Poder não é sinônimo de autoridade. Poder pode ser imposto. Autoridade, não. Ela é construída lentamente; nasce da coerência moral, do respeito à lei, da fidelidade às próprias decisões e da confiança pública. Quando o poder se distancia da autoridade, instala-se um desequilíbrio perigoso. E esse descompasso cobra seu preço: a erosão da credibilidade institucional.

O Supremo Tribunal Federal detém enorme poder. Trata-se da instância máxima do Judiciário, guardiã da Constituição e árbitra final dos conflitos institucionais. Seu peso é indiscutível. O problema não está no poder que exerce, mas na autoridade que progressivamente vem perdendo. E autoridade não se decreta: ou se conquista - ou se perde.

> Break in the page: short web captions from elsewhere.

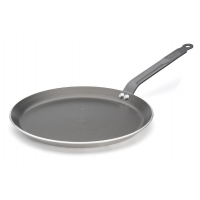 CHOC Classic Tigaie pu clatite d-30 cm de Buyer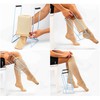 Sock Aids for Putting on Socks | Adaptive Stocking Donner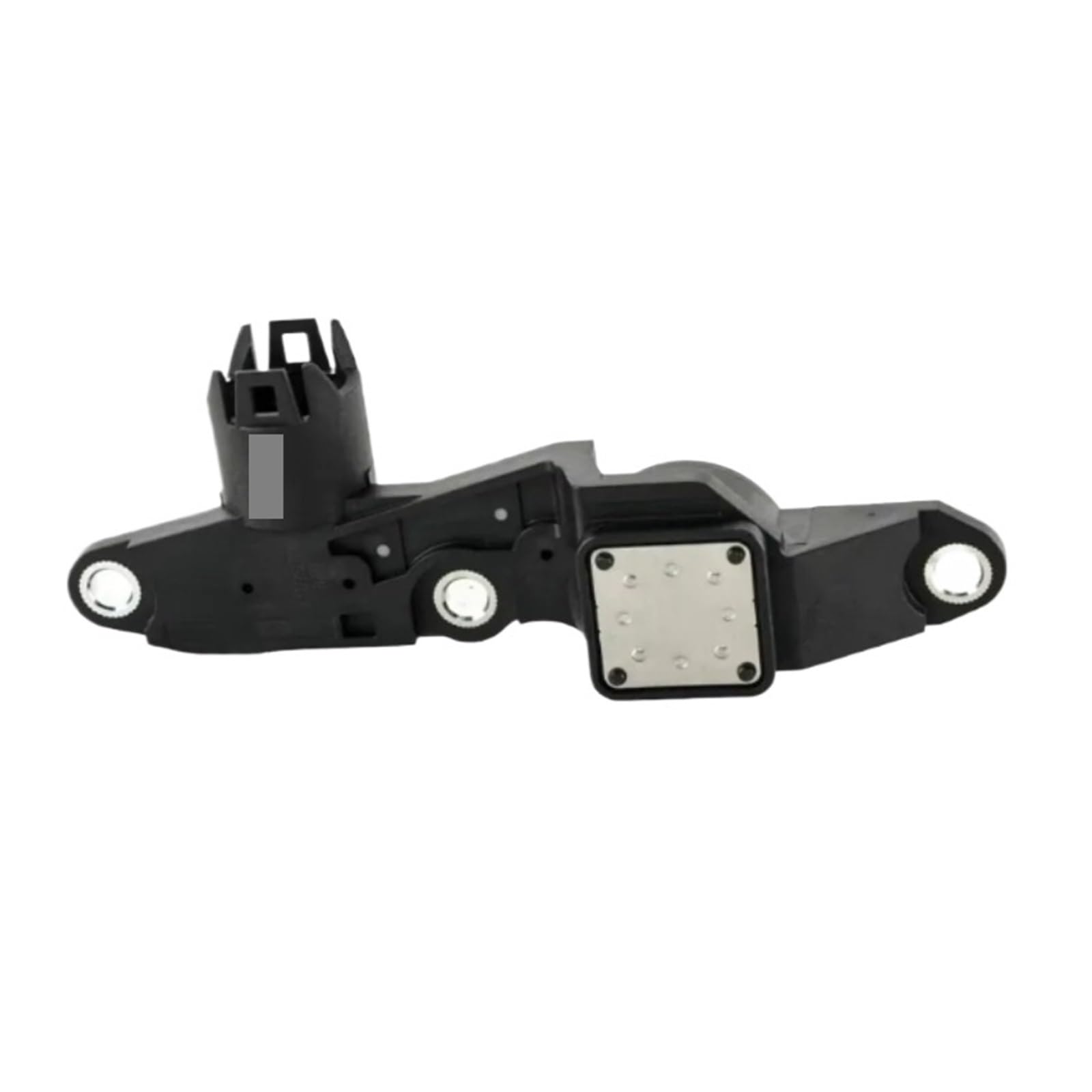 1pc 11377527016 Sensor WERQKJXCZ von WERQKJXCZ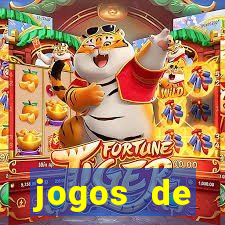 jogos de aplicativos online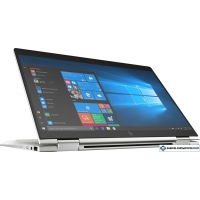 Ноутбук 2-в-1 HP EliteBook x360 1030 G4 7YM12EA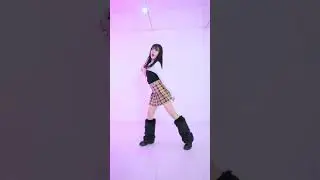 'NewJeans - Tell me' Dance Cover 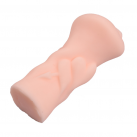 Мастурбатор вагина реалистичная 4D photo 3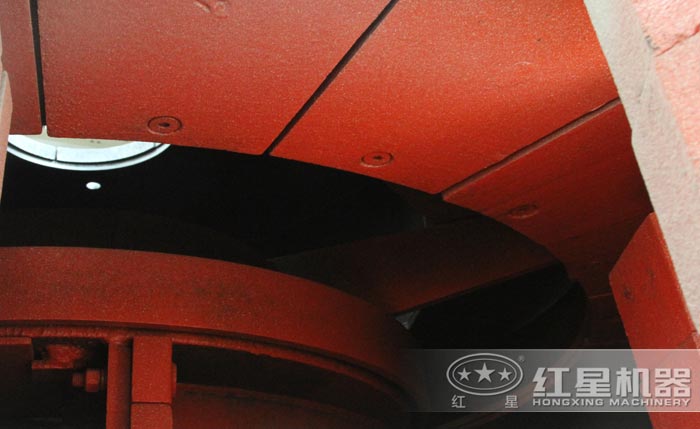 內(nèi)部結構實拍 內(nèi)部結構實拍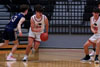 BP Boys Varsity vs Ringgold - Picture 48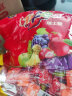 ADM混合水果味瑞士糖喜糖伴手礼糖果袋装婚礼散装零食500g 实拍图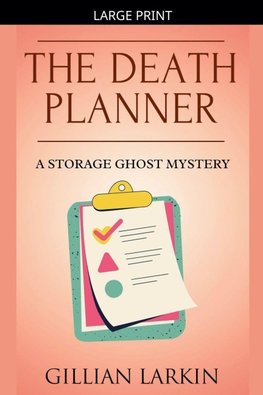 The Death Planner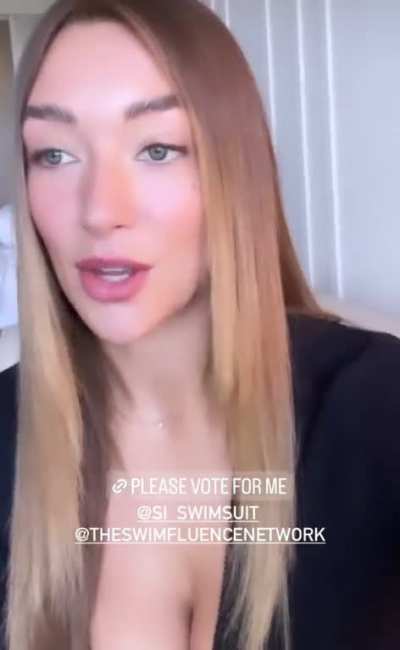 Vote for Penny&eth;&curren; Link below!
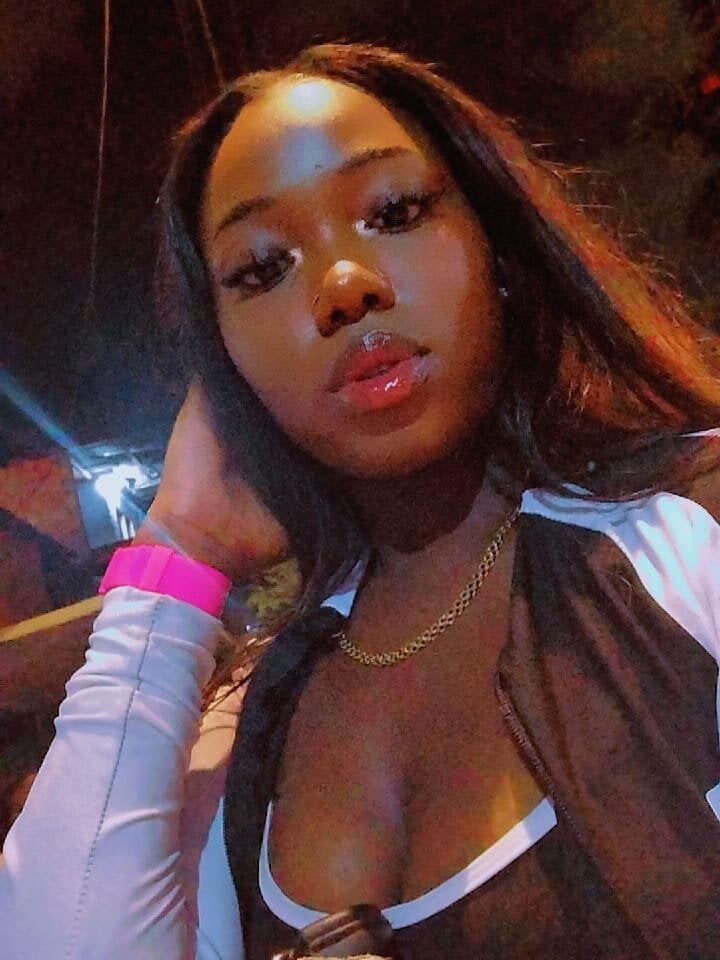 Taylorr_evans profile photo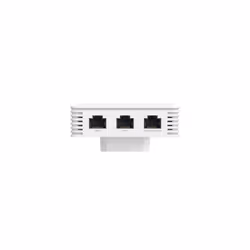 TP-Link EAP725-Wall 5012 Mbit/s Connexion Ethernet, supportant l'alimentation via ce port (PoE) - Vue supplémentaire 5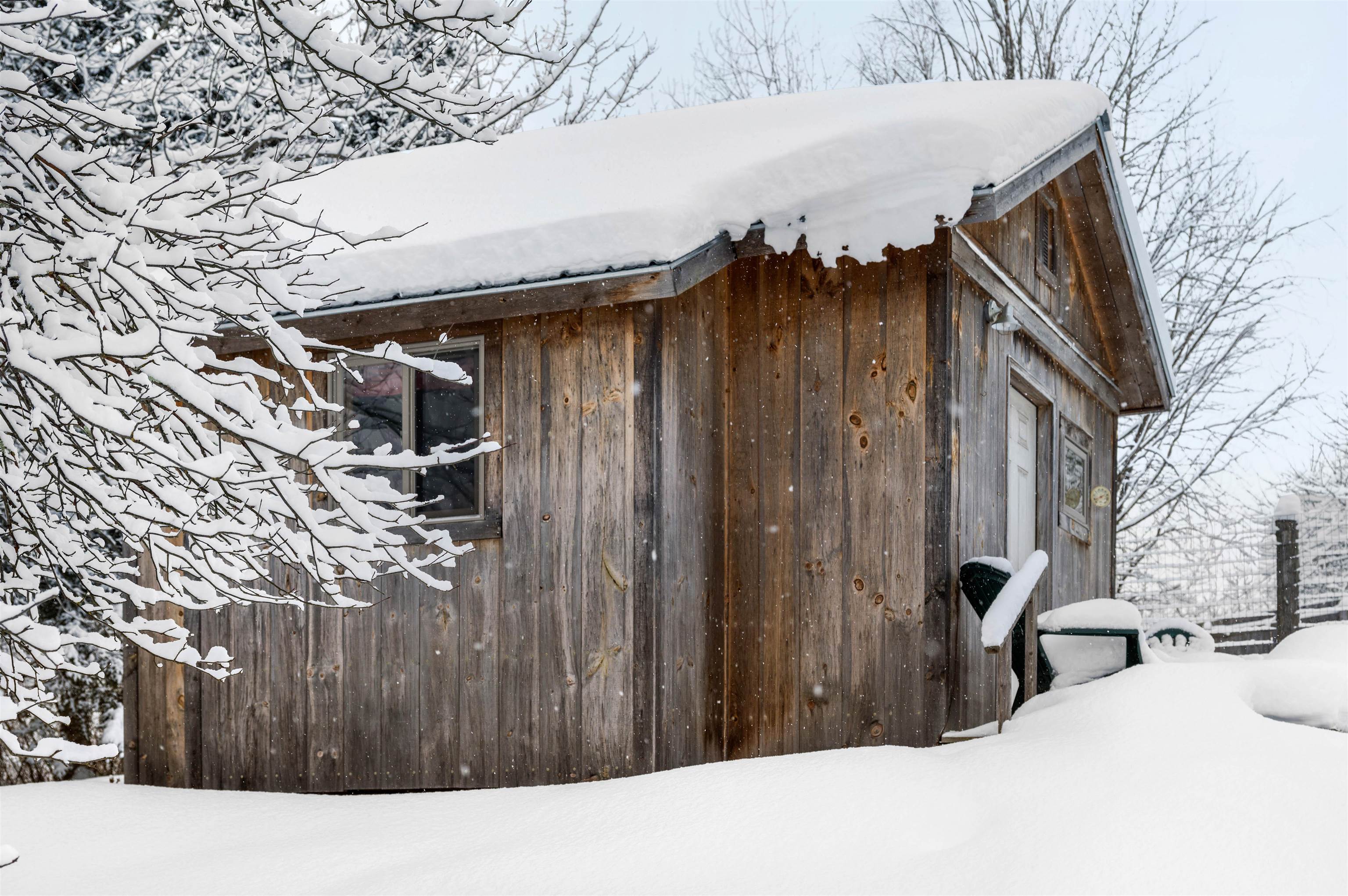 Hyde Park, Vermont 05655, United States, 4 Bedrooms Bedrooms, ,1 BathroomBathrooms,Residential,Pending,8005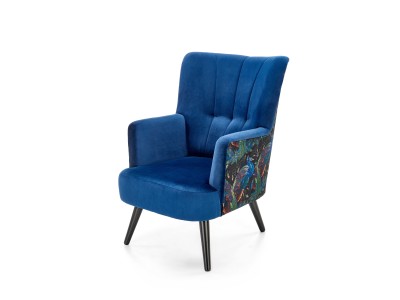 ФОТЕЛЈА ПАГОНИ СИНА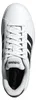 Adidas Grand Court 3.0 Biały Podgląd zdjęcia produktu 17
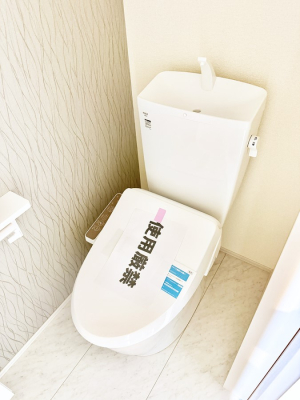 �g�C�� 1����  ���g���₷���Ɛ������ɂ�����������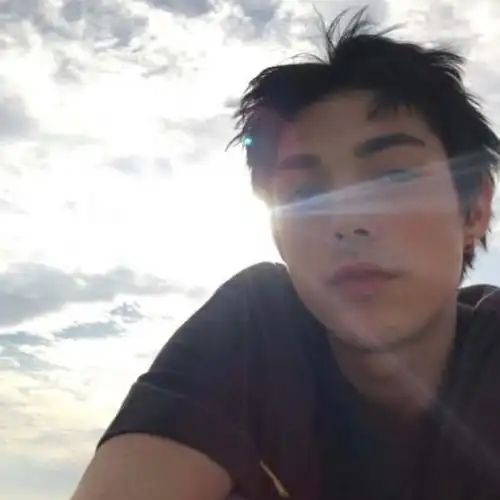 6686体育签约作者黄半仙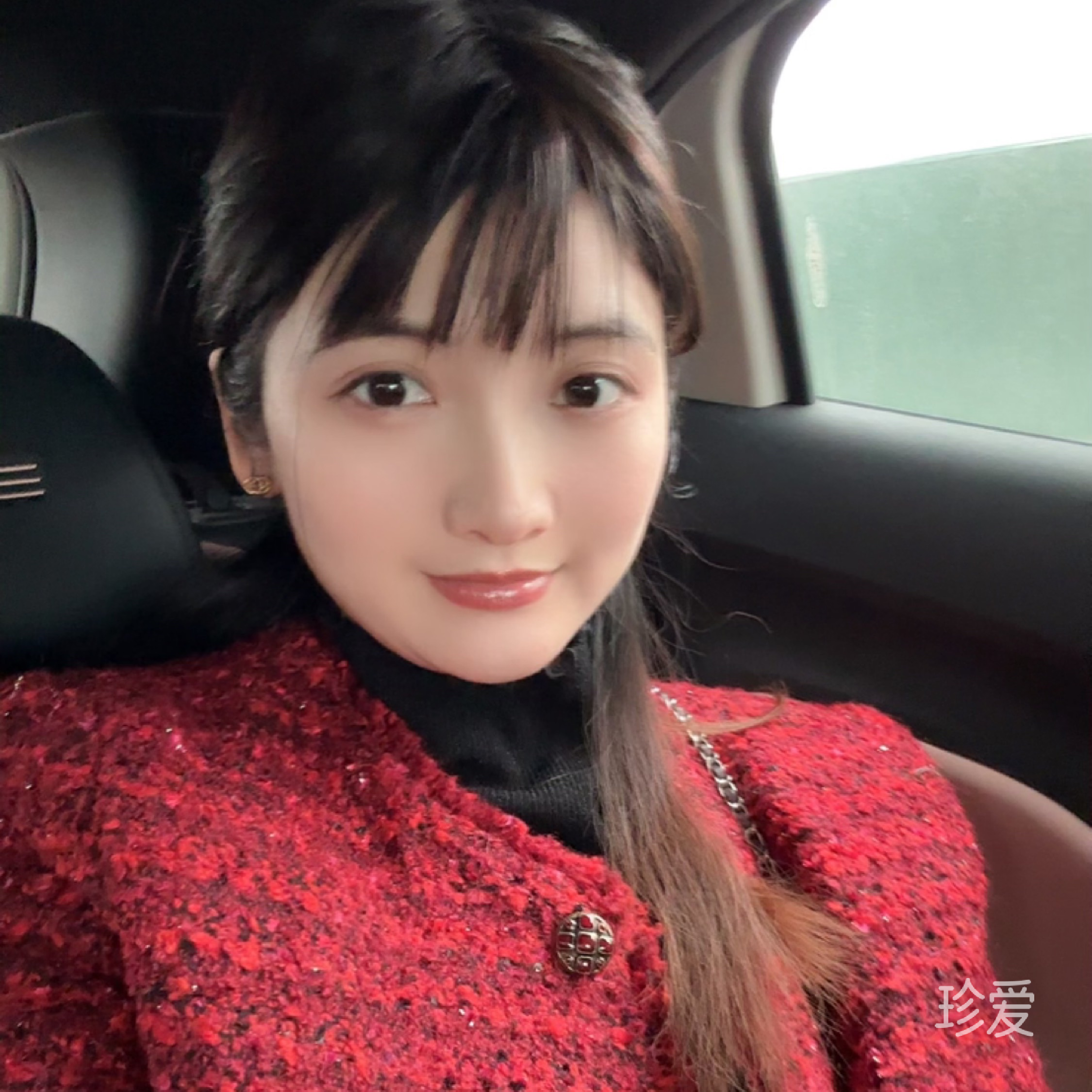 乐洋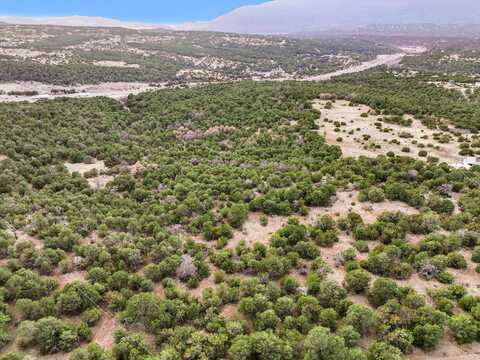 240 Sedillo Hill Road, Tijeras, NM 87059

A crise que hoje envolve o STF não é fruto de ataques externos nem de campanhas orquestradas. Ela nasce, sobretudo, de dentro. Decorre de decisões controversas, de excessos de protagonismo, de interpretações elásticas da Constituição e da crescente percepção de que a Corte abandonou a discrição para ocupar o centro do palco político. Quando juízes passam a agir como atores políticos, a toga perde peso simbólico.

O noticiário recente reacende esse debate sensível. A revelação de um contrato milionário firmado pelo escritório de advocacia da esposa do ministro Alexandre de Moraes com o banco Master e a posterior decisão do ministro Dias Toffoli de avocar o........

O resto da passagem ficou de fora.